Co prawda już połowa kwietnia za oknem, ale jakoś tak się złożyło, że pozostało mi jeszcze parę ciekawostek z roku 2016 do opisania. Na dobry początek – płyta jeszcze z roku 2015, i to z mojej listy najlepszych płyt roku, do zrecenzowania której szykowałem się od dawna, ale jakoś nie było okazji. No to jest.
Ależ to był bajkowy wieczór. Na zewnątrz listopadowy chłód, za Oceanem wybory, a w sali, gdzie dekady temu oglądałem choćby „Leona”, wystąpiła Julia Holter. Popijając białe wino, serwowała publiczności materiał głównie z ostatniej, czwartej płyty, uzupełniony starszymi kompozycjami i jedną premierową. Jedyne, co mogło trochę rozczarować, to że po niespełna 80 minutach było już po wszystkim.
„Have You In My Wilderness” okazał się dla Julii Holter przełomowy – doceniony tak przez krytykę, jak i szerszą publiczność (na liście Billboardu dotarł do 40.pozycji). Z jednej strony, po ocierających się o awangardę, odjechanych, niełatwych w odbiorze albumach „Ekstasis” i „Loud City Song” stanowił dzieło nieco przystępniejsze, prostsze formalnie, z drugiej – to nadal nie jest muzyka prosta, nadal jest dziełem artystki, która wywodzi się wszak z awangardowej sceny LA, która fascynuje się free jazzem i psychodelicznymi odjazdami lat 60.

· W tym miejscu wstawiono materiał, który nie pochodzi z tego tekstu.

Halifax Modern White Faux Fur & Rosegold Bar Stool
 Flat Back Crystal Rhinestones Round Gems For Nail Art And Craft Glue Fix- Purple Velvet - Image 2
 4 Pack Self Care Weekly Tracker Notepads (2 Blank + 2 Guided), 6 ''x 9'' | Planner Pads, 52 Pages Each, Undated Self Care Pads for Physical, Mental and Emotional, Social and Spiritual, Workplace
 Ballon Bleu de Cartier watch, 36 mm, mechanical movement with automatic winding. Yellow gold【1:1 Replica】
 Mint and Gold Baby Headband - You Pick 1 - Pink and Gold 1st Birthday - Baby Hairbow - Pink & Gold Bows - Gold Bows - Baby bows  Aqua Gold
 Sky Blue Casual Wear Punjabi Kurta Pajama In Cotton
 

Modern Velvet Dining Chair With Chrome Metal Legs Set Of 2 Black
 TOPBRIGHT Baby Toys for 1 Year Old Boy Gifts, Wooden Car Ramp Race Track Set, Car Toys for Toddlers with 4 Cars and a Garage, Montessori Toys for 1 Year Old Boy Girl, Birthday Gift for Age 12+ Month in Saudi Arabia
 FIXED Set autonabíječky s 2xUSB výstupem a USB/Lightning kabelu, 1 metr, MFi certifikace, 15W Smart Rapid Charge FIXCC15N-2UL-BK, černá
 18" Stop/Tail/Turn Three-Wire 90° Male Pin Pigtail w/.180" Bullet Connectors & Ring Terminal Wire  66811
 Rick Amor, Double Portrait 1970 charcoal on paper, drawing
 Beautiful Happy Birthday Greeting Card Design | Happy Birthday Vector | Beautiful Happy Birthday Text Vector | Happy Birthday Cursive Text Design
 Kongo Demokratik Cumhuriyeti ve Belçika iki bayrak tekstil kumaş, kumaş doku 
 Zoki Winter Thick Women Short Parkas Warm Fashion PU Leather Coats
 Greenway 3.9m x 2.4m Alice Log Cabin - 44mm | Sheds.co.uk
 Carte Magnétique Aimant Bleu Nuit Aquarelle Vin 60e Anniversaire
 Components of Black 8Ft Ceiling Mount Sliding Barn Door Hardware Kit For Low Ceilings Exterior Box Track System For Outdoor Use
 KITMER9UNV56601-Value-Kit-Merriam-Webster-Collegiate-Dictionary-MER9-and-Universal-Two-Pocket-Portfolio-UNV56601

Uroczo rozbujana całość, smyczkowe dodatki, wstęp na klawesynie – taka jest otwierająca całość „I Feel You”. Jeszcze bardziej melodyjna, lekka, bajkowa jest „Silhouette”. To dwie bardziej melodyjne, nieco przebojowe kompozycje, ładnie wprowadzające słuchacza w zakręcony dźwiękowy świat muzyki Julii Holter. Dla kontrastu mamy „How Long” – pozbawione rytmu, zbudowane na mgławicowych partiach smyków i tajemniczym pomrukiwaniu kontrabasu, z nieco teatralnym śpiewem. Pięknie narasta tajemnicze, ocierająće się o symfoniczny rozmach, ze smyczkami falującymi niczym morskie przypływy i odpływy „Lucette Stranded On The Island”. W „Sea Calls Me Home” jest miejsce i na dramatyczny rytm werbli, i saksofon, i nawet gwizdanie. „Betsy On The Roof”, nawet gdy pojawiają się smyczki i nieco patosu, nadal pozostaje ładną, zbudowaną na brzmieniach fortepianu i głosu Julii pieśnią. „Night Song” sprawia wrażenie, jakby pochodził z repertuaru Marleny Dietrich, nie tylko za sprawą śpiewu. W „Everytime Boots” zupełnie zaskakująco pojawiają się echa country, a „Vasquez” (rewelacyjnie, w odjechany sposób zagranym na koncercie) to wyprawa w rejony elektrycznego jazzu fusion lat 70., przedziwny, trochę amorficzny utwór, w którym jest miejsce i na delikatny, rozmarzony nastrój, i na dysonansowe partie smyczków. I na koniec finałowa, delikatna pieśń tytułowa. Jakby zaproszenie, by zacząć słuchanie od początku…
Delikatna i łagodna to płyta, ale pod tą warstwą delikatności emocji buzuje co niemiara. Cóż, trudno o lepszy dowód, że nie trzeba krzyczeć na słuchacza, by zafundować mu solidną dawkę wrażeń i – właśnie – emocji. A przy tym – jest to frapujący album artystki, która stworzyła sobie własny, indywidualny, niepodrabialny styl i teraz go rozwija, przetwarza. Tak więc, jeśli ktoś lubi płyty choćby Joanny Newsom – to jest rzecz dla niego. Dla każdego, kto poszukuje ciekawej, nieszablonowej muzyki – też.